This is the start of the busiest time for private health insurance renewals, for companies renewing their corporate schemes and for individuals.
And that means you have a chance to save yourself, your family or your company, hundreds or even thousands of euro over the next year by reviewing and changing your existing policy.
Last Wednesday, the specialist broker, Dermot Goode of was making one of his regular appearances on The Pat Kenny Show and, as always, provided example after example of keener prices on existing levels of cover.
Co-incidentally, the night before Dermot appeared I was giving a personal finance seminar to the Offaly Ladies Group that included PowerPoint slides of popular and alternative health insurance plans that Mr Goode had provided. As expected, the Offaly ladies (who had been addressed by Dermot a year earlier) took out their phones and photographed the new, updated prices.
What was so reassuring was that even in this lovely, rural part of Co Offaly, the most important message of all was being taken on board – that health insurance is not a luxury, but an essential part of personal protection insurance.
Let’s put this last statement in context.

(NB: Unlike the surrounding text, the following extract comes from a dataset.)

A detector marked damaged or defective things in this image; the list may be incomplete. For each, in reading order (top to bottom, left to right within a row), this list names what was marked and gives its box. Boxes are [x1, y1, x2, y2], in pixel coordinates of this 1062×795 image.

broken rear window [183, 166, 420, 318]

The State will spends well over €13 billion on public healthcare next year in a country with just 4.5 million people – about half of whom them under age 25 and are the least likely to need the service.

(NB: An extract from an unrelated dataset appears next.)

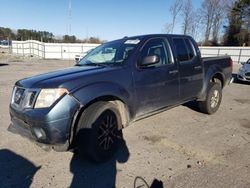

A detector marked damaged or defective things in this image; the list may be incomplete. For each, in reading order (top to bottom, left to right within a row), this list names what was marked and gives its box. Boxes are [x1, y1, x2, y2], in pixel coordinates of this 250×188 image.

Yet it also continues to lose struggle to provide efficient, comprehensive, accessible health-care when it’s needed and not 12 or 18 months after you start feeling unwell or showing symptoms of a serious condition.
And this is why nearly 2.2 million of us still voluntary pay €1,000 or more on top of the average c€3,500 in tax per working adult that we must pay to the State for the HSE.
Anyone without a medical or GP card (but not necessarily private health insurance) also pays hundreds of millions more to other private medical practitioners like GPs, consultants, physiotherapists, psychologists, dieticians, speech therapists, etc.
Unlike the monolithic, unaccountable HSE and Department of Health, if the professionals who work in the private health sector do not deliver the service they offer (and for which they are highly regulated by the State) or were continuously loss-making, they would answer to their shareholders and bankers (in the case of private hospitals) who would then withdraw their investments and call in their loans and shut them down. (This is what happened to Mt Carmel Hospital.)
The private health providers also know that their highly qualified staff would quit and go their competitors if they were exploited or their wages weren’t paid (unlike HSE staff who know that they will always get paid because taxpayers have no choice but to finance their wages and pensions).
And most importantly of all, they know their customers – the patients they treat – would stop using their services and go to their competitors (or the Courts) if they were unhappy or dissatisfied. Unfortunately, once you are entirely at the mercy of the HSE – as a medical cardholder, for example – you don’t have that choice.
Nor are you guaranteed to be treated as a valued customer/patient, except by those HSE staff who do their best to care for their patients as they would want to be cared for.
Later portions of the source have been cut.